◆ What you should do
Return, exactly and with nothing added, the line with "КУПИЛ ГАРАЖ У" together with all lines after it through the end of the data below. No pictures belong in the copy.

◆ Information provided
[Start of section]
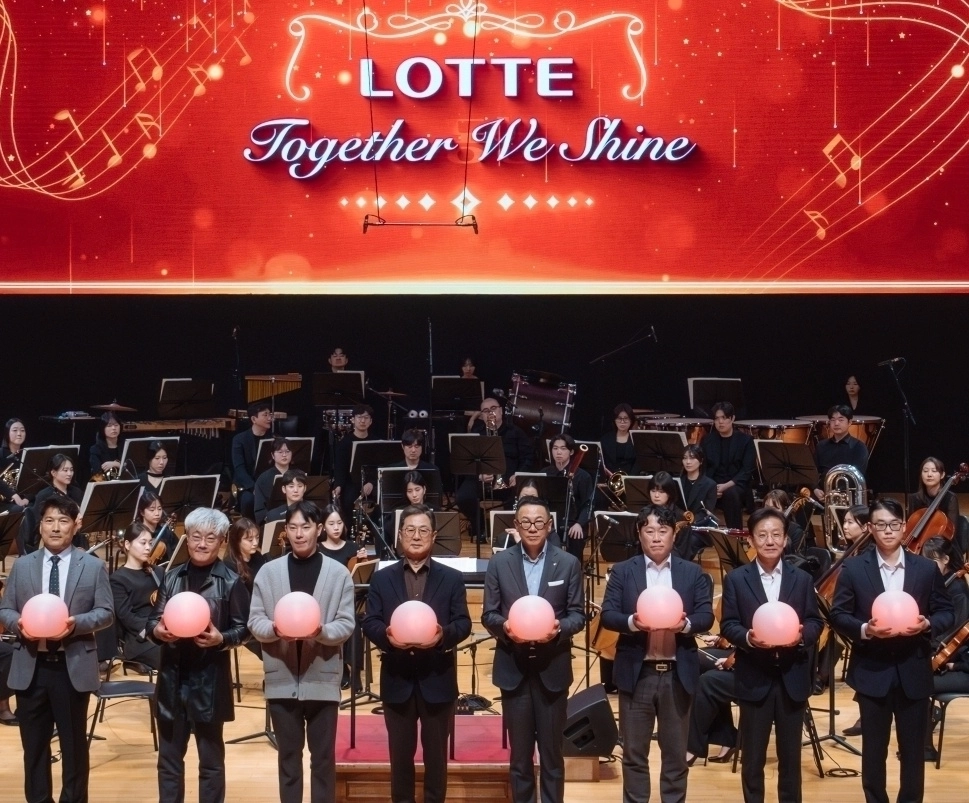 지난 3월 서울 송파구 롯데콘서트홀에서 열린 ‘2025 롯데 행복나눔 동행콘서트’에서 롯데와 파트너사 직원 대표들이 동반성장을 다짐하고 있다. 롯데 제공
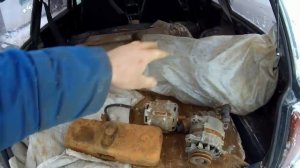 КУПИЛ ГАРАЖ У СТРАШНО ЗАПАСЛИВЫХ ХОЗЯЕВ - РАЗГРЕБАЮ ГОРЫ И ПОКАЗЫВАЮ ЧТО ТАМ ЕСТЬ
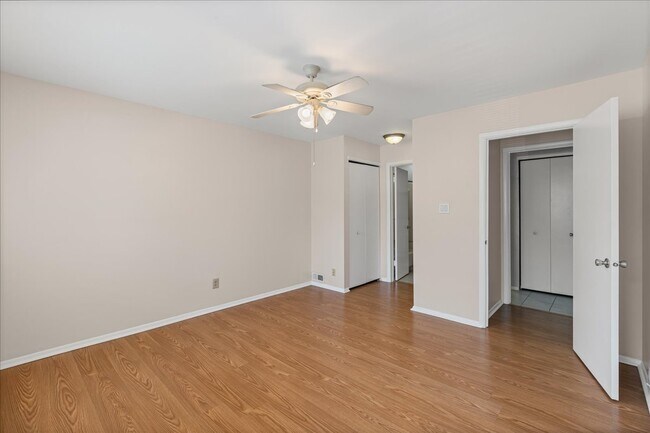 Building Photo - 504B Mulberry Cove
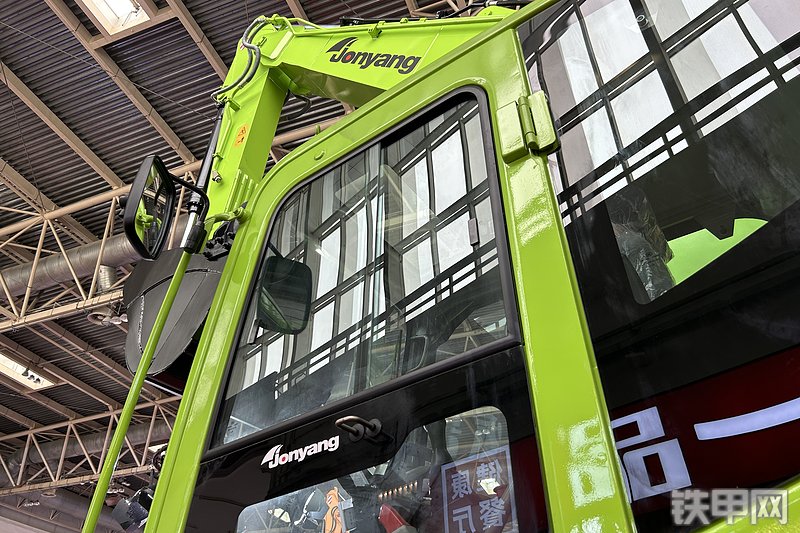 詹阳重工JYL621ELD挖掘机局部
[End of section]
◆ Answer for the task
 КУПИЛ ГАРАЖ У СТРАШНО ЗАПАСЛИВЫХ ХОЗЯЕВ - РАЗГРЕБАЮ ГОРЫ И ПОКАЗЫВАЮ ЧТО ТАМ ЕСТЬ
 Building Photo - 504B Mulberry Cove
 詹阳重工JYL621ELD挖掘机局部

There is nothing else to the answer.